Historically, we have escaped to alternate realities with defined narratives. Books are written by authors, who weave a story whether it’s fiction or nonfiction. Radio and TV shows are produced, with storylines and characters. The news is defined and prioritized by an editorial board. Movies have scripts and directors. These people exert care and attention to create cohesive, compelling narratives. Of course, this often fails – there’s enough garbage content out there to consume for the rest of your life, with no breaks. But the important point is that we’ve historically been exposed to alternate realities that were intentionally crafted. And so the effects on our own lived realities came from cohesive, designed realities.
Crowdsourced reality is the new normal. Escapism is no longer restricted to designed media. Typically, we’ll spend just as much time escaping to social media and the internet as we do to designed media. And increasingly, the balance is shifting to the internet.
The internet and social media are not designed realities. They are scattershot collections of input from all over the place. Refresh your social media feed, and you have no idea what’s going to pop up. Certainly, there was no authorship of what’s next in the feed. There’s no editor, no script, no director. Even if a well-designed piece of scripted content shows up in the feed, it could well be followed by a cat picture or a Spongebob Squarepants meme. No human determines what comes next; if anything does at all, it’s an algorithm.
The internet’s alternate reality is uncoordinated and has multiple authors. If you’re reading this, I’m an author in your reality. When you refresh your feed, you might see pieces from people you’ve chosen to follow. Those people are consistent authors in your reality, but they’re not coordinating with the others. They post, and perhaps it shows up. But someone else posts, at their own discretion, and it’ll show up right afterwards. Every time something is retweeted or re-shared, yet you don’t follow that person, it’s an author showing up for a small-time cameo in defining your reality.
Implications Of Crowdsourced Reality
Crowdsourced reality necessitates you exerting greater control over your information diet. With designed alternate realities – traditional media – you at least knew what you were getting into. You’d watch a movie and not necessarily know what was going to happen, but you’d know if it’s a comedy, thriller, or drama. Refreshing a feed, you’ve no idea what’s going to pop up.
Who you follow and what you consume matters. A feed full of negative people will make your reality more negative. Nonstop undistilled information wrests narrative control of your reality away from you completely. Habitual re-sharers have greater variance in how they’ll affect your reality than people that tend to post their own content – many authors vs. one author.
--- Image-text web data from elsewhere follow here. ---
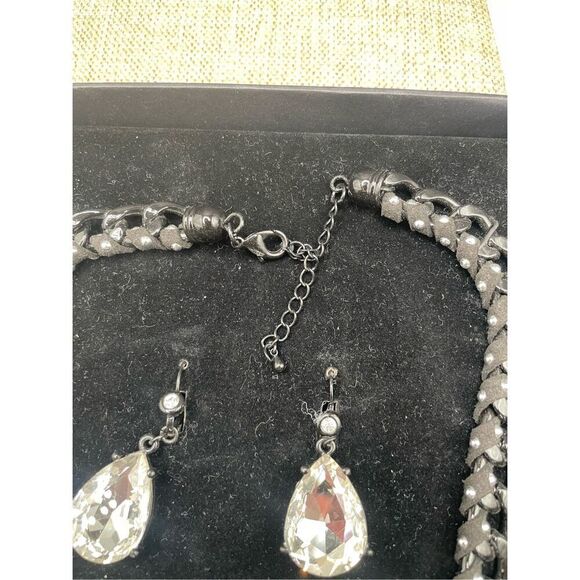 New Jewelry Set Stylish crystal gems statement bib necklace, clear gems Necklace - Picture 3 of 7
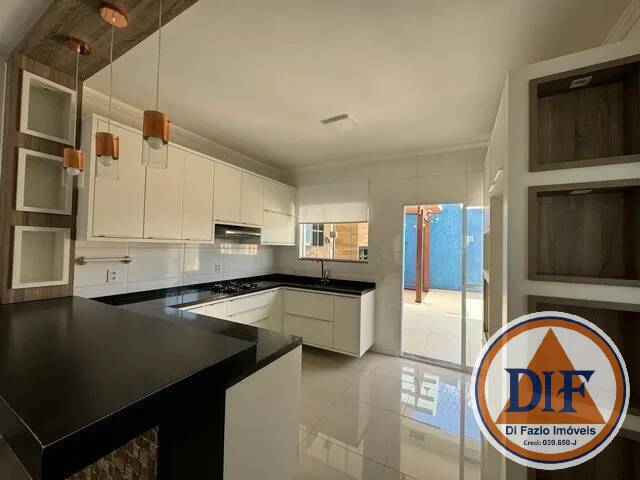 Casa à venda com 3 quartos, 153m² - Foto 3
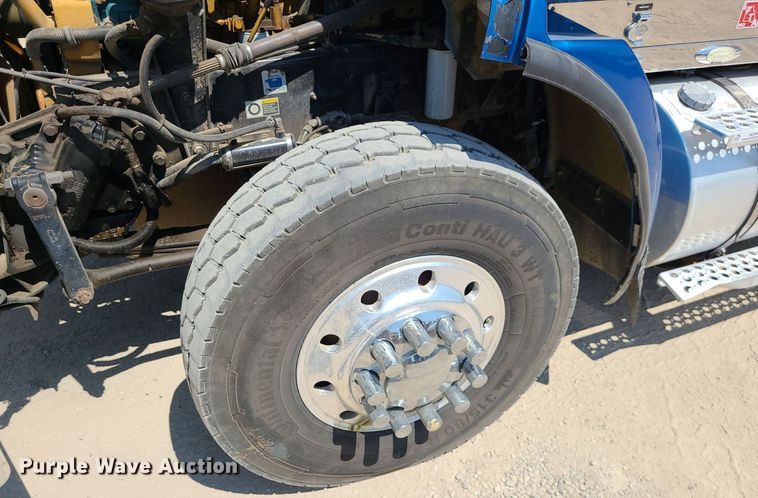 image for item MO9919 2007 Kenworth T800  semi truck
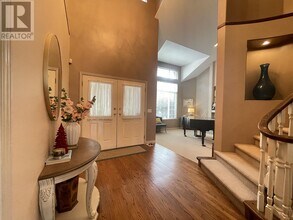 17 Hett Creek Dr in Port Moody, BC - Building Photo - Building Photo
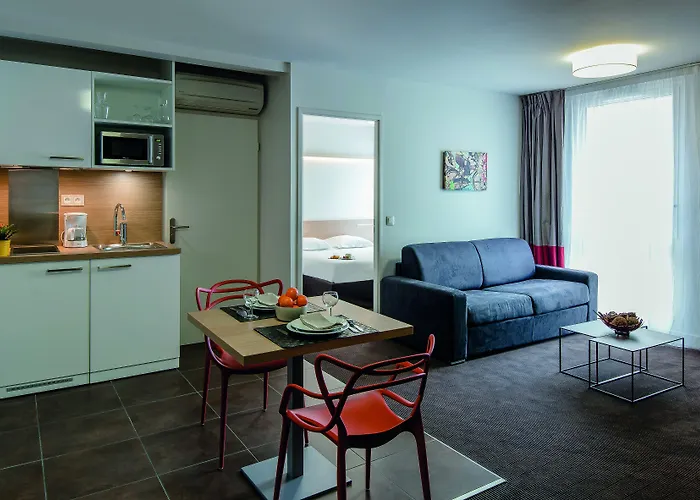 Aparthotel Appart'city Confort Chartrons 3*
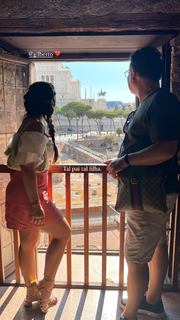 Larissa Manoela feet photo thumbnail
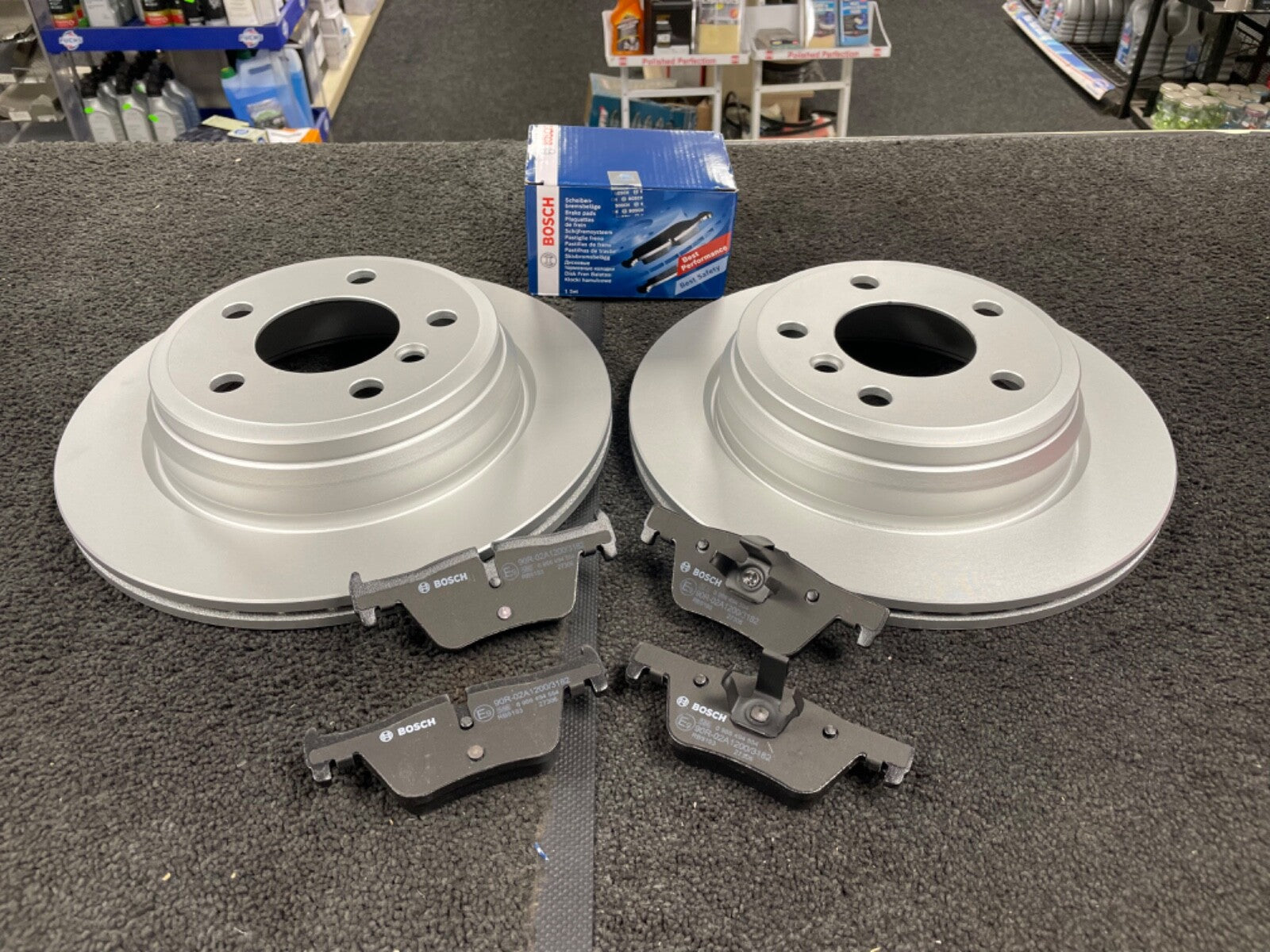3 SERIES 328I M SPORT (MK6 (F30) GENUINE BOSCH  FRONT REAR  BRAKE DISCS AND PADS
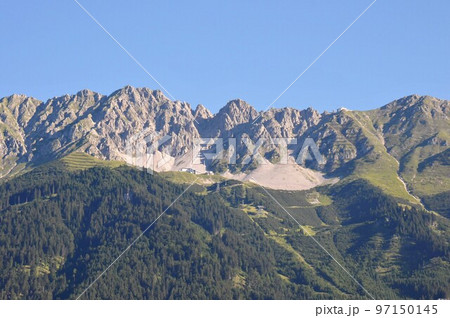 オーストリア、インスブルック、旧市街から見たノルトケッテ連峰 97150145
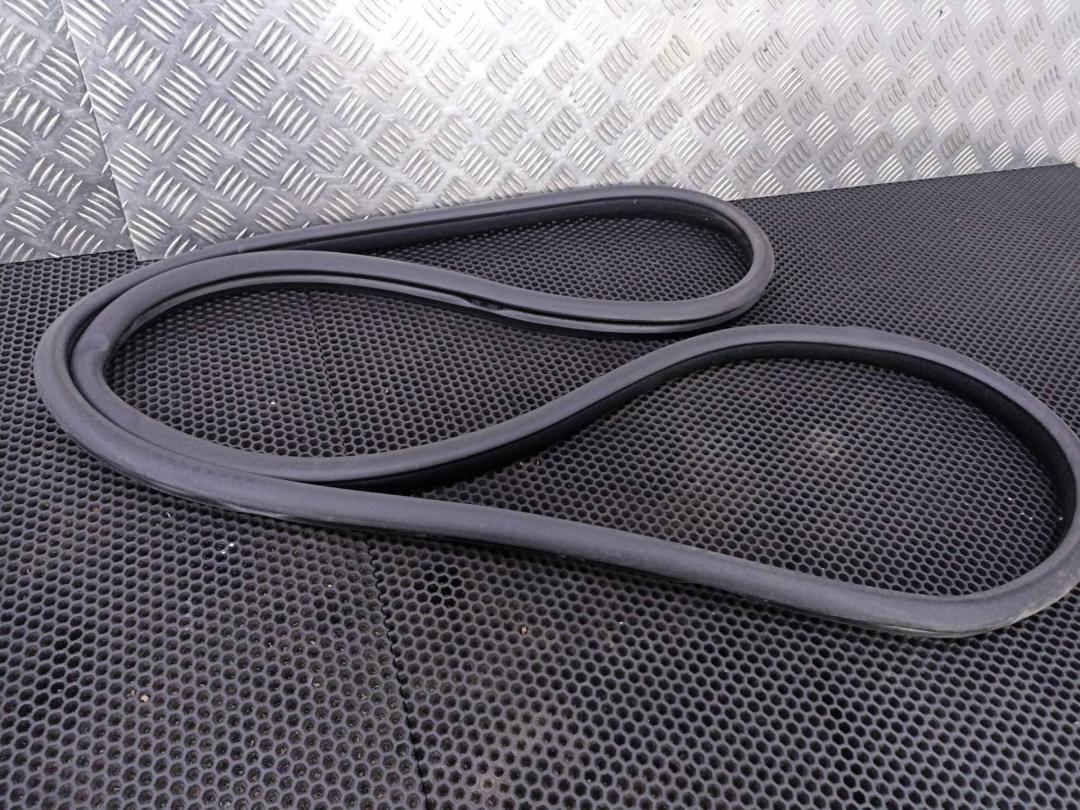 уплотнитель двери Mercedes-Benz S-Класс W222/C217/A217 2016, 3.0 л., M 276.824, бензин, A2226970351 - фото №1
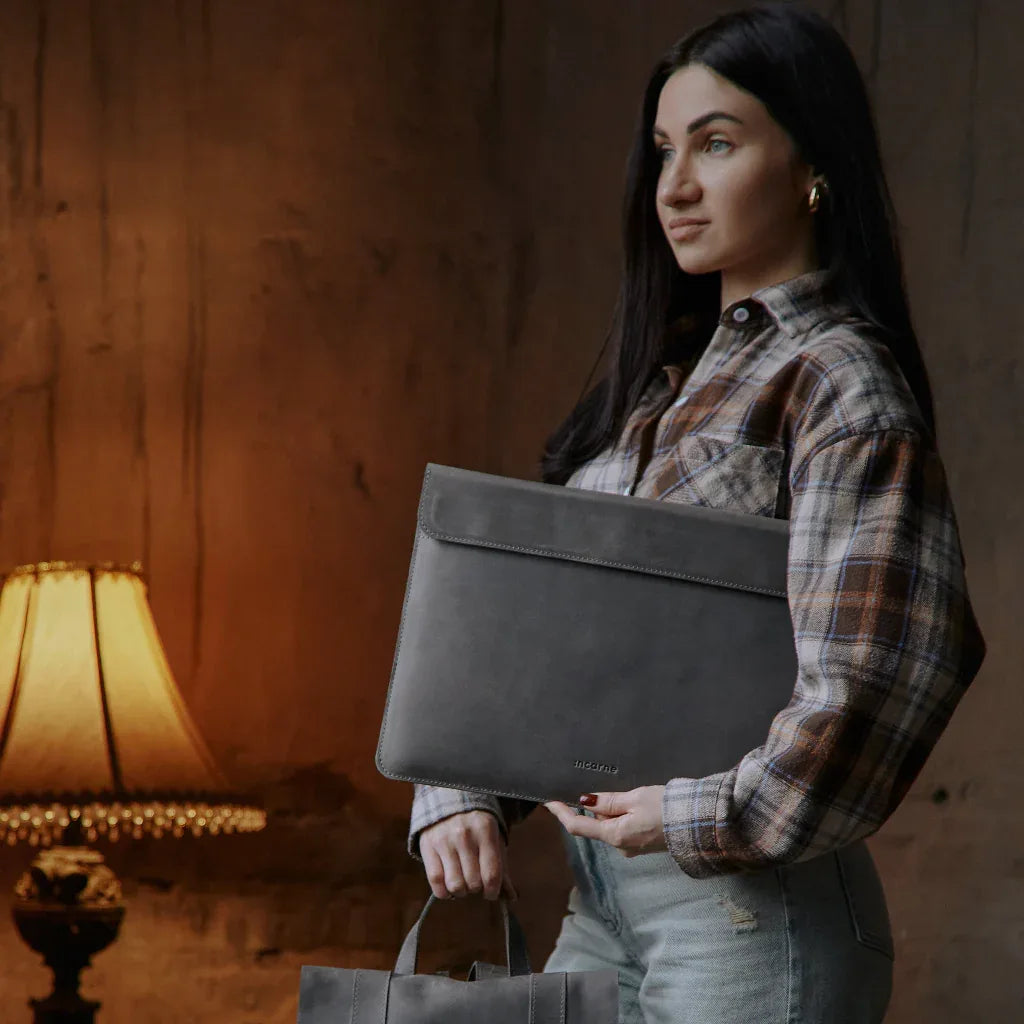 Тонкий сірий чохол Klouz INCARNE для MacBook у мінімалістичному стилі з натуральної шкіри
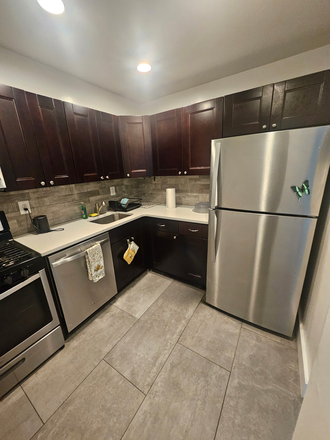 Kitchen - Apartment on South Campus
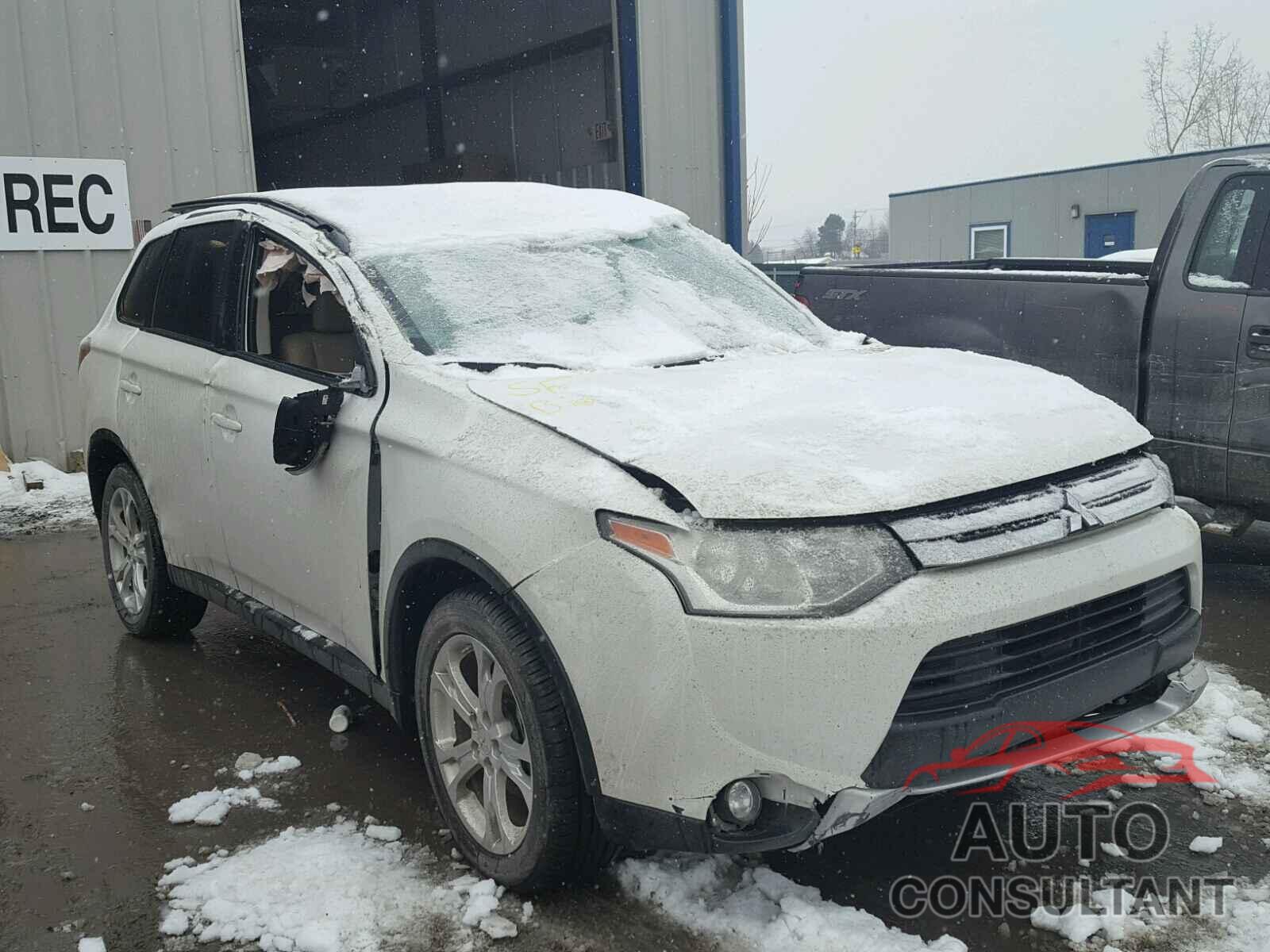 MITSUBISHI OUTLANDER 2015 - JA4AZ3A39FZ002302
Chaos in alternate realities creates chaos in lived realities. As internet and social media use increases, we lose out on cultural touchstones, as we’re all consuming alternate realities from a far longer menu of options. But the crowdsourced nature of these alternate realities also means that none of our escapism is as cohesive as it used to be. When we return to lived reality, we’re all bringing in a complete jumble of influences. And so everyone’s thoughts, behavior, and lived realities become more chaotic and less organized. You might have noticed this in the hysteria everyone seems to be caught up in.
Buck the trend – exercise more editorial control and authorship over the reality you experience.